В течение одного дня — с утра и до полуночи — полностью решается судьба человека, банковского кассира, которому исполнилось пятьдесят лет. У него есть жена и дети, но, увидев в одно прекрасное утро розовую, надушенную женскую руку, протянувшую в крошечное окно кассы чек, кассир осознал всю неприглядность своей тоскливой жизни и принял решение уйти на поиски неизведанного. Он украл из кассы 60 тысяч франков, воображая, что теперь-то все изменится в его существовании и он сможет жить так же, как другие, — покупать женщин, любовь, опьянение, красоту жизни. Он посещает танцы, бывает в барах, фланирует по улицам, швыряет деньгами всюду где может, но нигде не обретает желанного наслаждения: жизнь не прекрасна, люди глупы и злы — жить бессмысленно.

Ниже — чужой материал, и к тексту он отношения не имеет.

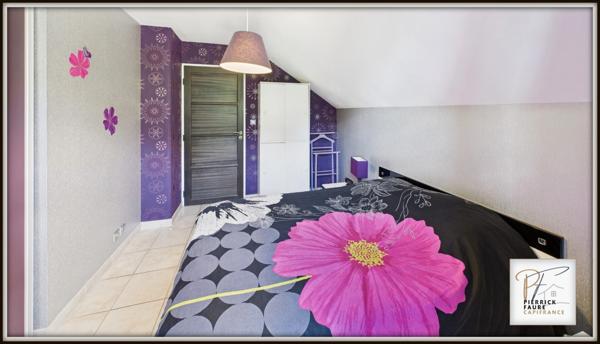 Maison à vendre 3 chambres – Quartier Chamandrin – Briançon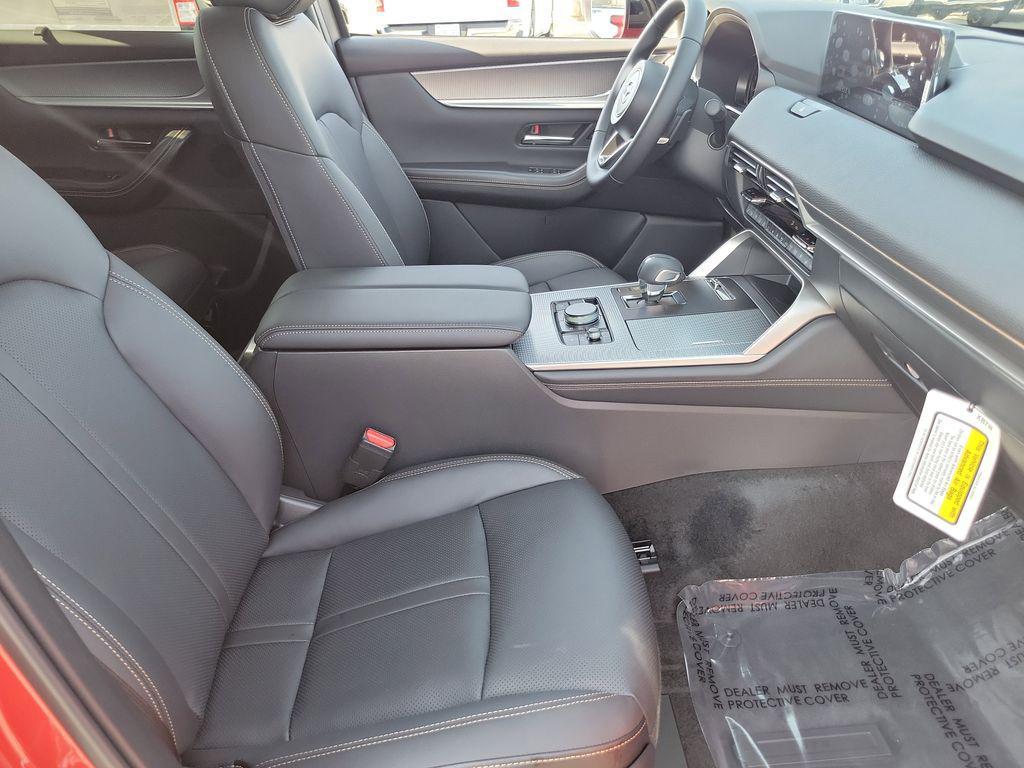 new 2026 Mazda CX-90 car, priced at $48,340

Все события развиваются в лихорадочной атмосфере. И вот приходит талантливый и молодой режиссер Карл Хайнц Мартин… ему нравится сюжет будущего фильма, он схватывает его, окружает себя лучшими художниками, живущими в его городе, и создает лучший экспрессионистский и кубистический фильм, то есть все пейзажи, все предметы неестественно увеличены или уменьшены в соответствии с идеей каждой сцены. Мир видится глазами галлюцинирующего кассира: мебель в банке начинает качаться из стороны в сторону, улицы пролегают поперек, люди принимаются орать, точно в безумии, — словом, во всем отражается душа героя, во все перевоплощается — в предметы, в формы, во внутреннюю атмосферу фильма.

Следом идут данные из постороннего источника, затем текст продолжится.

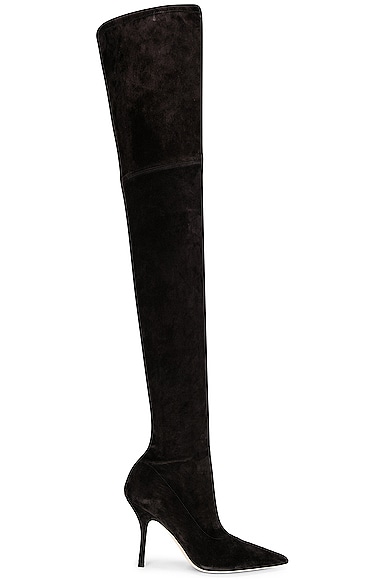 Mama Over the Knee 95 Boot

Только фильм мог передать это новое выражение жизни, где и люди и вещи живут, неотделимые друг от друга, в особом, рваном ритме; только фильм мог свести образ целого мира к образу жалкого горемыки, ищущего вне себя то, чего не было в нем самом».

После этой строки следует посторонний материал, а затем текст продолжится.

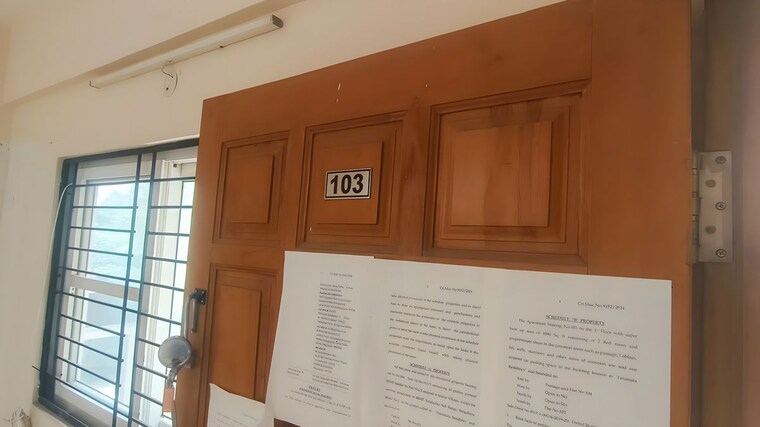 Bedroom, yelahanka  1080 Sq.Ft. Apartment In Yelahanka Bangalore 10385785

Рудольф Куртц писал по поводу этого фильма:

«Архитектор Неппах [299]выполнил оформление в чернобелой гамме: фигуры, персонажи, декорации интерьеров — все концентрировалось на достижении графического эффекта, на движении линий и поверхностей, на противопоставлении светлого и темного.

Дорога в ночи, например, вилась белой змеей, проложенной по темной поверхности; на первом плане — дерево с раскидистыми ветвями. Оператор Хофман снимал материал, исходя из чисто живописных принципов: фигуры лишались своей органической формы и сливались с целым, растворялись в рукотворном пространстве. Однако движения людей, непохожие на человеческие, не позволяли зрителям понять происходящее; зрители видели только гримасы и ужимки и потому чувствовали себя посторонними наблюдателями» [300].

В берлинском «Фильм-блэттер» (№ 52 за 1966 год) читаем:

«Слава «Калигари» бледнеет при сравнении с фильмом «С утра до полуночи», который заслуживает значительно более пристального внимания, чем ему до сих пор уделяли. Это единственная экспрессионистская картина, тема которой никак не привязана к иррациональному и малопонятному словесному шлаку. Нельзя не видеть и социальные цели фильма».

Тотчас после завершения «С утра до полуночи» Мартин снимает второй фильм — «Дом в лунном свете» («Das Haus zum Mond»). Если верить Ивану Голлю, то, «придя из театра, первой заботой Мартина было не заниматься театром, снятым на кинопленку, а воплотить на экране открывшиеся перед ним новые возможности. Он решил показать нам, что происходит в одно и то же время на разных этажах дома, и сконцентрировать на этом «единстве места», столь дорогом сердцам драматургов древности, действие, полное драматизма. В декорациях «натурных» эпизодов деформации меньше, чем в «Калигари», а игра актеров, напротив, более динамична, более приспособлена к заданным условиям и, так сказать, более экспрессионистична, а в некоторых местах и более механична. Такая манера игры, доведенная до предела, еще опаснее и рискует превратиться в нечто близкое к пародии. Но это был эксперимент, и потому-то «Дом в лунном свете», несомненно, смелый фильм».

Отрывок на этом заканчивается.